This might be the most complicated of the tasks, but stick with me, because it is soooo worth it.  This month, the task is to figure out who you are as a writer, and what your writing “brand” is.  Think of this as your promise to your readers, that whenever they open one of your books or blogs, they will receive X.   This can be tied to your own personality, to what topic area or genre you focus on, or broader, more of a tone or thematic element that underpins all your work.  I suggest coming up with a mantra, a short phrase that encapsulates a common thread that readers could expect to find in any work from you. 

Mine, for example, is “meticulous creativity.”   I chose this based on some personality/skill assessments I took, but essentially, it explains how I approach writing and what my readers can expect me to deliver.   My stories (and blogs, if I can help it) are usually carefully planned and organized with multiple layers (that’s the meticulous part of my mantra), but there is also a bit of unconventionality in how I tend to approach things, and an element of creativity in what I write (especially my fiction, of course).  I tend to bend genre rules, include layers of things (like email addresses for characters that will actually respond if a curious reader emails them) and the like.  I do this because I find this amusing and stimulating, but it’s the element of the “creative” in my tagline and also what has earned me (on more than one occasion) being called “quirky” by visitors to my site (they meant it in the best way, they say 😉 ).   Once you have your general brand concept and a mantra, then everything bends around that. 

If you already have somewhat of an online presence, now’s the time to revamp — all your usernames/email addresses/everything on any existing social media or other sites should be changed to match your brand (I use CCrawfordWriting as my username on virtually everything, a name I chose because it is to-the-point, versatile, and fits my brand).   You can create a logo for free on Canva.com or a similar site with a look that complements your brand and overall tone/image you’ve decided to present, and use this as your profile picture.  Create cover images, as needed, that also represent your brand and mantra.   

The key is to make sure you have a clear, specific persona/image you’re presenting as a writer, and that everything matches on anything you publicly present, across the board.  The consistency in all these small things is what gives your online presence a unified feel, and makes people recognize you as something distinct, your very own “brand” as a writer.   (If you don’t yet have any social media sites, blogs, etc., don’t worry — that will come in a later challenge.  But be sure to go ahead and create all your branding this month so that you’re ready to go!)

3. Set & Implement Specific Daily/Weekly Writing Goals

The specifics of your goals will vary based on your end-game, of course, but the important thing is that you have them.   Sit down and figure out what you want to accomplish as a writer this year, specifically, what you want to produce.  This challenge is all about growing your online presence, but so many of the monthly tasks depend on you already having some works-in-progress as a writer.  It’s hard to promote yourself as a writer if your actual writing is non-existent. 

SO, what do you want to achieve this year?  A short-story collection?
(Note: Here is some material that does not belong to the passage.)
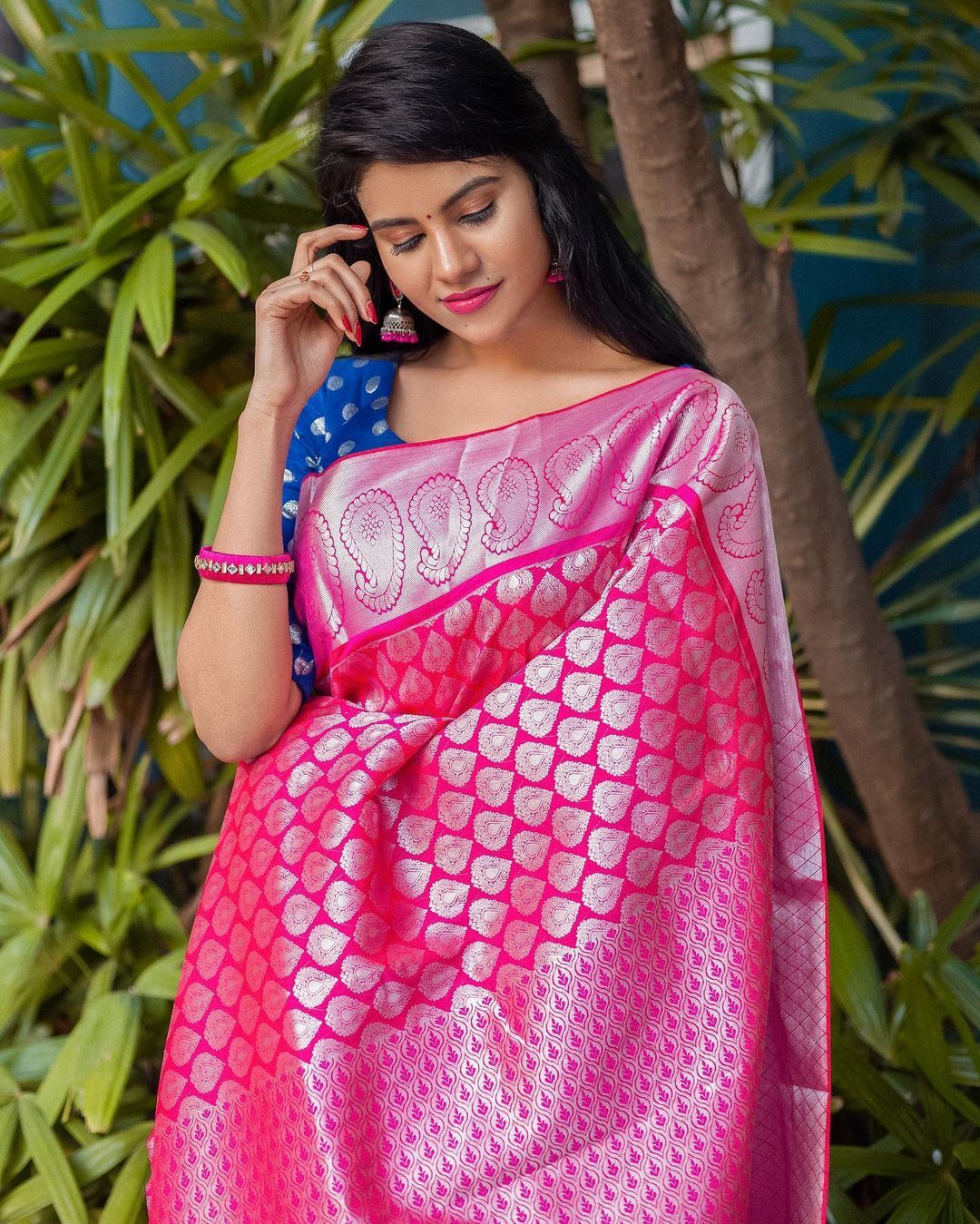அழகிய ஹாட் உடையில் நடிகை நிவிஷா!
A novel? 12 novels?  Whatever it is, figure out this year’s goal, and then work backward to determine what you need to do each week and then each day to make that happen between this month and the end of the year.  Set yourself a schedule, and then get going!  You’ll continue this schedule throughout all the rest of the months, adding future monthly challenge tasks on top of it, so be sure to set yourself up for success by making your daily goals realistic, specific, and achievable. 

I also recommend allowing some leeway for off-days, holidays, sick days, unexpected events, etc.  Setting too rigorous a schedule can become overwhelming and demotivating, but the right balance of a daily schedule/daily habit with some flexibility/freedom can keep you on-track and motivated.

4. Read At Least 1 Craft/Industry Book By a Successful Author & Implement 1-2 Elements

Part of growing your career is growing yourself.  This month, read at least 1 book on either the craft of writing, or on growing a writing career, and then select 1-2 elements of their advice to implement in your own routine.  Because these monthly tasks are cumulative, you’ll continue to read 1 book/month (and implement 1-2 growth elements from each) from now on.  You can find some of my favorites that have truly helped me grow here.

5. Begin Sharing Some of Your Writing on a Public Platform At Least Once/Week

This month’s challenge is all about building an online readership.  You can’t have readers if you aren’t posting anything to read, of course!  And if you’ve been posting already, then this month’s challenge is about ensuring that your posting is consistent.    Set up a public way to share your writing if you don’t already have one.  This could be a blog, Wattpad, some kind of writing forum, or simply an email list of people who are willing to read your writing and provide feedback. 

Again, the point is to build a readership, so the more public, the better.   You don’t have to share your most intimate writing or your prized work-in-progress that you’re planning to publish and become famous with — you just need to share something.   Start a collection of daily musings, or an episodic short story, or a one-chapter-per-week novel… choose what works for you, but commit to posting something weekly.  Then, announce your posting schedule (include it in your profile on whatever public forum you’ve chosen and/or announce it to any followers), such as “Updates every Friday” and then stick to it.  Be consistent.  Deliver what you’ve agreed to deliver.  If you want a loyal readership clamoring for each week’s new post, this part is vital. 

Bonus: you can use this as your “write at least one paragraph daily” continued task from January, so you’re achieving multiple goals at once!

6. Network Online with Other Writers (& Any Readers) At Least Twice/Week

Now that you’re putting your writing out there, it’s time to start networking and creating a community around it.   The key to this step is to view it as relationships, not self-promoting.  If you have readers, take time to thank them for reading, respond to their comments, start conversations with them, get their input, and generally be an actual, real human rather than just an anonymous user.   

If you don’t have many readers yet, then focus on being a reader.  Read other writers’ content and leave comments.  Be supportive and kind, but also give polite feedback where relevant.  Check out what’s working on the popular writers’ pages and what readers are responding to, and see if you can learn from it.  Maybe even message a writer you admire and compliment them, and then ask them to give you one or two pointers to help you grow. 

Again, build relationships.  Please don’t be obnoxious. Don’t ask for them to promote your work when they don’t even know you, or to read your whole book and give feedback, and do not post a comment advertising your own work on their posts or page.  These things come across as self-centered and will irritate most writers.  But you can begin to build yourself a network of fellow writers and show that you support them by reading, commenting, and sharing their work in a genuine way… more times than not, they will support you in return.  But even if they don’t, you are getting your name out there on some level simply by interacting, and you also have the opportunity to learn from those who are succeeding in your field and to get to know some amazing people.  That’s a win of its own!

7. Set Up At Least 1 Social Media Account and an Email List Unified to Your Branding. Post At Least Once/Week

This one is pretty self-explanatory.   You can choose one social media platform to focus on, or do many, but I suggest sticking with the ones you truly plan to keep up with.   I primarily focus on Facebook & Twitter.  I have other accounts, but I simply don’t have time to keep up with all of them.  Instagram, Pinterest, and other platforms can also be used with great success.   Be sure as you set them up that all your usernames and profile pictures are unified — you want to be representing a consistent brand across all platforms.